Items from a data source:
━━━━━━━━━━━━━━━━

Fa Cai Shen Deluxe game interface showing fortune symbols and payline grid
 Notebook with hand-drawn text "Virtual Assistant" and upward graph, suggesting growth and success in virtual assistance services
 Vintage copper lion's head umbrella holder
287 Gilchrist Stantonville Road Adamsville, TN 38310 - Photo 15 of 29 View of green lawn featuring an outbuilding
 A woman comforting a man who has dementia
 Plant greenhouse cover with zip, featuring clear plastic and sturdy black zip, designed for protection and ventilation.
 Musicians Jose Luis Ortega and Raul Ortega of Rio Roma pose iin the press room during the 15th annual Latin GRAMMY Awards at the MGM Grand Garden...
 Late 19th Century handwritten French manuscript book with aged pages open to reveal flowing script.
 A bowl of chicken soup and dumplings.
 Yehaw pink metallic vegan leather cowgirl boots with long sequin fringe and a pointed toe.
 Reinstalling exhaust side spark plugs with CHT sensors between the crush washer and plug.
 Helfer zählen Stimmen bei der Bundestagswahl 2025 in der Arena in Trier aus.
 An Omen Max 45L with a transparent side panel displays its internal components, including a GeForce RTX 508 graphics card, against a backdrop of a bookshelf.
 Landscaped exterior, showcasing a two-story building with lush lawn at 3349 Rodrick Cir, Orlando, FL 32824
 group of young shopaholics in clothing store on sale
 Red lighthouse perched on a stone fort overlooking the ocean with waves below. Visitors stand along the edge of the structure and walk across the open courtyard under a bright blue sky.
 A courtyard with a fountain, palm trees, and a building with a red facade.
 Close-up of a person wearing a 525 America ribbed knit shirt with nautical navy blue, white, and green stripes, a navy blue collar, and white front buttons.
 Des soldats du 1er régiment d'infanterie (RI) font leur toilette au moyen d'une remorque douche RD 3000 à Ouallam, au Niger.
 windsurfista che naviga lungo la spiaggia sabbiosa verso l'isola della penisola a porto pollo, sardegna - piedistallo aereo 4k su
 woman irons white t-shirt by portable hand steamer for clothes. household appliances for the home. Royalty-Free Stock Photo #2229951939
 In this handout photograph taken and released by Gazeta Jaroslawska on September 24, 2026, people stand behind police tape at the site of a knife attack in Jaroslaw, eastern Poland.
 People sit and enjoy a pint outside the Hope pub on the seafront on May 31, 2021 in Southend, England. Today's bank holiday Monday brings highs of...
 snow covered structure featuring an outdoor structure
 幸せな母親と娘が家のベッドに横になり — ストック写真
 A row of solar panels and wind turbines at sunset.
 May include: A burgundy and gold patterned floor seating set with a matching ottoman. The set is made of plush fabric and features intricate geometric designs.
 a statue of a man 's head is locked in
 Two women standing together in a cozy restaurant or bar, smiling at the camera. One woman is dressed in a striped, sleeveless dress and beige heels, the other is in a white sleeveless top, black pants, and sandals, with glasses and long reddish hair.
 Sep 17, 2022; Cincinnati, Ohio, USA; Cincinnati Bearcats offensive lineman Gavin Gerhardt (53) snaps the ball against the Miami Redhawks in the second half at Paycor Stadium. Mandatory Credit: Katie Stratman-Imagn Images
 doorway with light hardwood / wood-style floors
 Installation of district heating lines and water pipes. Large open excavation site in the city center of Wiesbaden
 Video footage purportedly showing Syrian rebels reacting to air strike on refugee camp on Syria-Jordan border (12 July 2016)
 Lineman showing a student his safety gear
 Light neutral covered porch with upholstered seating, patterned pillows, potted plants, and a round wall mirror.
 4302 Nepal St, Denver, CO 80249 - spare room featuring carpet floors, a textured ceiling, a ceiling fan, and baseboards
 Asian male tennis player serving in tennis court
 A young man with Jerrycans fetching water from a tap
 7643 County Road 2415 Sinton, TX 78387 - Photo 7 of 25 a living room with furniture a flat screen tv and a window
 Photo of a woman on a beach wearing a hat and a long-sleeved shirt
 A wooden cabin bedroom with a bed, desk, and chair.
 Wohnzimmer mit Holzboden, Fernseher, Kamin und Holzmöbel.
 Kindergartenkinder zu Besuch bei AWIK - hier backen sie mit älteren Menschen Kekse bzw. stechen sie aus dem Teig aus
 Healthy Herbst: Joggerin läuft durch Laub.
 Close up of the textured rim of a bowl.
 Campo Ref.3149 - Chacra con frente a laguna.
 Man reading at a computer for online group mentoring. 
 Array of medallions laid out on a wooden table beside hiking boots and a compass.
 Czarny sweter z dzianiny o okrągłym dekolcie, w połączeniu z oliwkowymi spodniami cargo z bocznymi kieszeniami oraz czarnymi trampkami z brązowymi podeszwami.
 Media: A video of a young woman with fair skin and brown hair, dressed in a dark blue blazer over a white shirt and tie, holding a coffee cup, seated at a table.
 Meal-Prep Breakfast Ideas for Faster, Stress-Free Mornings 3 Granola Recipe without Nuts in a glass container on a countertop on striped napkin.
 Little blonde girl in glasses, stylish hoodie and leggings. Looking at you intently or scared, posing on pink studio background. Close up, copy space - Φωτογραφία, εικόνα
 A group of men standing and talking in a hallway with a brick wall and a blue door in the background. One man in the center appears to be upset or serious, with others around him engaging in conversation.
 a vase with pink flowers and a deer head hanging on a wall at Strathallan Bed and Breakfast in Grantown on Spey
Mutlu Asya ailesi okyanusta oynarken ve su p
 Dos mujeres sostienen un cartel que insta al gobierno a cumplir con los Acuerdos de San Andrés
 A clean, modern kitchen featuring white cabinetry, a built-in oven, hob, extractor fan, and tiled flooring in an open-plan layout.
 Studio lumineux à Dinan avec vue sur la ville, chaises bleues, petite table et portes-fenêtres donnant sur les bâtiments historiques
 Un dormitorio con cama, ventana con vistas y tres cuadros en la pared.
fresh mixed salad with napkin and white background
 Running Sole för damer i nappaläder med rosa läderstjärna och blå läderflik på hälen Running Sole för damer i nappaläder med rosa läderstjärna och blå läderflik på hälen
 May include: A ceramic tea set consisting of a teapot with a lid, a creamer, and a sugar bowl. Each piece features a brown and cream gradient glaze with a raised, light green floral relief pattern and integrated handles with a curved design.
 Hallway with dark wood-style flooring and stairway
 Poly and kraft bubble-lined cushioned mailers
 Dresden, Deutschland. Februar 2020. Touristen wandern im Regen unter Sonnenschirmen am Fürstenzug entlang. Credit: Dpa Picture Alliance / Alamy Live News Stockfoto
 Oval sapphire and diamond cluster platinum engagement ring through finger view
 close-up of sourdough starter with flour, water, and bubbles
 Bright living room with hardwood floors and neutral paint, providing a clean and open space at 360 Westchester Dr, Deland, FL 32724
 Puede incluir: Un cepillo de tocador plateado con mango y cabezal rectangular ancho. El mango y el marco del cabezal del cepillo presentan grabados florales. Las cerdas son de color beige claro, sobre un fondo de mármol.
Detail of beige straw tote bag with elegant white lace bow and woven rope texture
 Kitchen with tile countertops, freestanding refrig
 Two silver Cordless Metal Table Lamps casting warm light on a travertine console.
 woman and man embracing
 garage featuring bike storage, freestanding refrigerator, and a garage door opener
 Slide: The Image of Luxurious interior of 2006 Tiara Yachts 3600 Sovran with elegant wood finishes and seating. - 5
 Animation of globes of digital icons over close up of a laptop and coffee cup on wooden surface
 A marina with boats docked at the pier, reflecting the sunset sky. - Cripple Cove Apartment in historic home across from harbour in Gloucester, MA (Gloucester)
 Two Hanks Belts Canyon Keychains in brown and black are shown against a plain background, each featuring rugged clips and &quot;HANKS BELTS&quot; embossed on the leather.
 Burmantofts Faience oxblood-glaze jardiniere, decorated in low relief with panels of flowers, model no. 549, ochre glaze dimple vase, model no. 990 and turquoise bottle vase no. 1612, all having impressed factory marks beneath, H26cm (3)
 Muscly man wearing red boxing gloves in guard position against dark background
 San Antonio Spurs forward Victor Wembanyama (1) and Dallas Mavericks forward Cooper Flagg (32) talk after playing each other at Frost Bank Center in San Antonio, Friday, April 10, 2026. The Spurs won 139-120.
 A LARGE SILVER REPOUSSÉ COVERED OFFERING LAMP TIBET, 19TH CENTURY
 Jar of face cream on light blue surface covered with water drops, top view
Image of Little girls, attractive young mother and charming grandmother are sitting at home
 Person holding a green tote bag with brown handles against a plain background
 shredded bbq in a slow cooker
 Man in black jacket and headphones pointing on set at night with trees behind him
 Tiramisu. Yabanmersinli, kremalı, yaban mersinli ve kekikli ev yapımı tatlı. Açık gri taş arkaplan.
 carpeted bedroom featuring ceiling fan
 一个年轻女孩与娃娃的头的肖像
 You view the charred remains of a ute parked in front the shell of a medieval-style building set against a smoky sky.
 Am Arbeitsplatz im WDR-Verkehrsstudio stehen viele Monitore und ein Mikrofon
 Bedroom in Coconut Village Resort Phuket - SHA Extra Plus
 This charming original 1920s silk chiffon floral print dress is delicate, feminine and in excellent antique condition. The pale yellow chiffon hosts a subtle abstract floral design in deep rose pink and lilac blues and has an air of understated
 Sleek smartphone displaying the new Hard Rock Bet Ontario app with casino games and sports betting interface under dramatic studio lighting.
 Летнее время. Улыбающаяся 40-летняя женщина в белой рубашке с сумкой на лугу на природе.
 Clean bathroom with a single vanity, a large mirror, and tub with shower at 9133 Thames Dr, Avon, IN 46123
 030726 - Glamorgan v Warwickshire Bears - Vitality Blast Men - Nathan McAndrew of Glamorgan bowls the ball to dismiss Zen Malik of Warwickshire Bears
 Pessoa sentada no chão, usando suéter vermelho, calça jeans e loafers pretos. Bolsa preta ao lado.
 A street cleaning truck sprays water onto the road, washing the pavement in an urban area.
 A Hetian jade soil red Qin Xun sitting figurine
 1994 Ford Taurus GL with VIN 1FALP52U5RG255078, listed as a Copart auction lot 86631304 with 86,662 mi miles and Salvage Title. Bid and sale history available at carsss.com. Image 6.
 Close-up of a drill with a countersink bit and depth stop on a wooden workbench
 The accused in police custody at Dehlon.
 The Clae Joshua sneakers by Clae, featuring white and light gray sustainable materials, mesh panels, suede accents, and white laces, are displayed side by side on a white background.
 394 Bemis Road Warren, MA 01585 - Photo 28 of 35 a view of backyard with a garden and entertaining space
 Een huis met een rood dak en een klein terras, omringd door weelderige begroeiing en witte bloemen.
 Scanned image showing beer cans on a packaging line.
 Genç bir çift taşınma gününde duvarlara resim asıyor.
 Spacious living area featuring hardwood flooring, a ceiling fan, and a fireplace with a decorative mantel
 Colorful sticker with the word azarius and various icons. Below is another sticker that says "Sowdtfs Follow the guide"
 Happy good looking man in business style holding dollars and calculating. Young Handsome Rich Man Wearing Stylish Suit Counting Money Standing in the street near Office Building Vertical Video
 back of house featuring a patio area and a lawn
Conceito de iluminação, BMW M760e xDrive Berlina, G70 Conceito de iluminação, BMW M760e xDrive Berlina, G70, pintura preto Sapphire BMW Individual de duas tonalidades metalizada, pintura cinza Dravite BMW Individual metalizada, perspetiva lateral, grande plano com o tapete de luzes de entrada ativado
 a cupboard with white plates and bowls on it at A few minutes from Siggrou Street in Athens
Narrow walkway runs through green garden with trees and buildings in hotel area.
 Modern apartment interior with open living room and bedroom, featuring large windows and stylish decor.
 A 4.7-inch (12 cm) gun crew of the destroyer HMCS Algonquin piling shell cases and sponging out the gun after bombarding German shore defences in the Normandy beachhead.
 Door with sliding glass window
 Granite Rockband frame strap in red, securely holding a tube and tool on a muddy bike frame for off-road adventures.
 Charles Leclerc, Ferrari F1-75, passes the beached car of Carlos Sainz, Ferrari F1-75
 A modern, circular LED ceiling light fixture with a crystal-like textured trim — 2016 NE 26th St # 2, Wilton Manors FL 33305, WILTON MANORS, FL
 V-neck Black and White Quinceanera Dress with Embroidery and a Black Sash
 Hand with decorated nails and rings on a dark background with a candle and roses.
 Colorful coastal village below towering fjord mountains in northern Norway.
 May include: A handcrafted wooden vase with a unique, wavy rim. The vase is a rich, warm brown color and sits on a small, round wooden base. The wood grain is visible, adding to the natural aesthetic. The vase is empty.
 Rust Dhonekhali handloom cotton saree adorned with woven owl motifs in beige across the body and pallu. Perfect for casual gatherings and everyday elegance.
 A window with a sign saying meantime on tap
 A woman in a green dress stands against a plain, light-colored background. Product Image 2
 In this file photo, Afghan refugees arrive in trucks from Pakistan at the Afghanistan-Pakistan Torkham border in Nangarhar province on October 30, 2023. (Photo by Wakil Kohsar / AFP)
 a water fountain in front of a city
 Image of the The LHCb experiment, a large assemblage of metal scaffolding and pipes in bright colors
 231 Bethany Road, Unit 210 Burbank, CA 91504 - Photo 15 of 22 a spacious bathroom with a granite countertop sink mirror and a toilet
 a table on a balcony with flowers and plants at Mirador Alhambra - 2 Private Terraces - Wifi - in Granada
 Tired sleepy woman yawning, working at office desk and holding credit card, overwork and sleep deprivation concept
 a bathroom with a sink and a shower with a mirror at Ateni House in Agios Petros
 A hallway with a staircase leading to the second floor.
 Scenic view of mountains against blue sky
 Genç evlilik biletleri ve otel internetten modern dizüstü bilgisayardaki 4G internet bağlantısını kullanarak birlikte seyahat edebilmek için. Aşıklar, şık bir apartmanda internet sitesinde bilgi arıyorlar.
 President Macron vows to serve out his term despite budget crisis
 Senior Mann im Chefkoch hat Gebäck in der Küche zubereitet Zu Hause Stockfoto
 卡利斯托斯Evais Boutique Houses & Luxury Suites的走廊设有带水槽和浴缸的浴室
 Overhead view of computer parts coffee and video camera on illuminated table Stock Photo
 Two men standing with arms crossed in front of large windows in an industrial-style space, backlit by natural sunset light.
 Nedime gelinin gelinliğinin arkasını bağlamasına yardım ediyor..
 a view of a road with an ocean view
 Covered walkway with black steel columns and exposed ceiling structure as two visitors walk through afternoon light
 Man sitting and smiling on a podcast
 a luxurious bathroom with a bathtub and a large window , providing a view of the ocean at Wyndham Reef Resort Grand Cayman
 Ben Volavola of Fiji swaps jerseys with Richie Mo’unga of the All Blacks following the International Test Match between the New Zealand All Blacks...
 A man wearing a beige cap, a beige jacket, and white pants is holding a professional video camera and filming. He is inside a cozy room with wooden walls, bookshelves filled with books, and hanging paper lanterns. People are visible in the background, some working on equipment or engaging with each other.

━━━━━━━━━━━━━━━━

Give again, exactly as written, every line from the first one above through the line that has "Yehaw pink metallic" in it.

Fa Cai Shen Deluxe game interface showing fortune symbols and payline grid
 Notebook with hand-drawn text "Virtual Assistant" and upward graph, suggesting growth and success in virtual assistance services
 Vintage copper lion's head umbrella holder
287 Gilchrist Stantonville Road Adamsville, TN 38310 - Photo 15 of 29 View of green lawn featuring an outbuilding
 A woman comforting a man who has dementia
 Plant greenhouse cover with zip, featuring clear plastic and sturdy black zip, designed for protection and ventilation.
 Musicians Jose Luis Ortega and Raul Ortega of Rio Roma pose iin the press room during the 15th annual Latin GRAMMY Awards at the MGM Grand Garden...
 Late 19th Century handwritten French manuscript book with aged pages open to reveal flowing script.
 A bowl of chicken soup and dumplings.
 Yehaw pink metallic vegan leather cowgirl boots with long sequin fringe and a pointed toe.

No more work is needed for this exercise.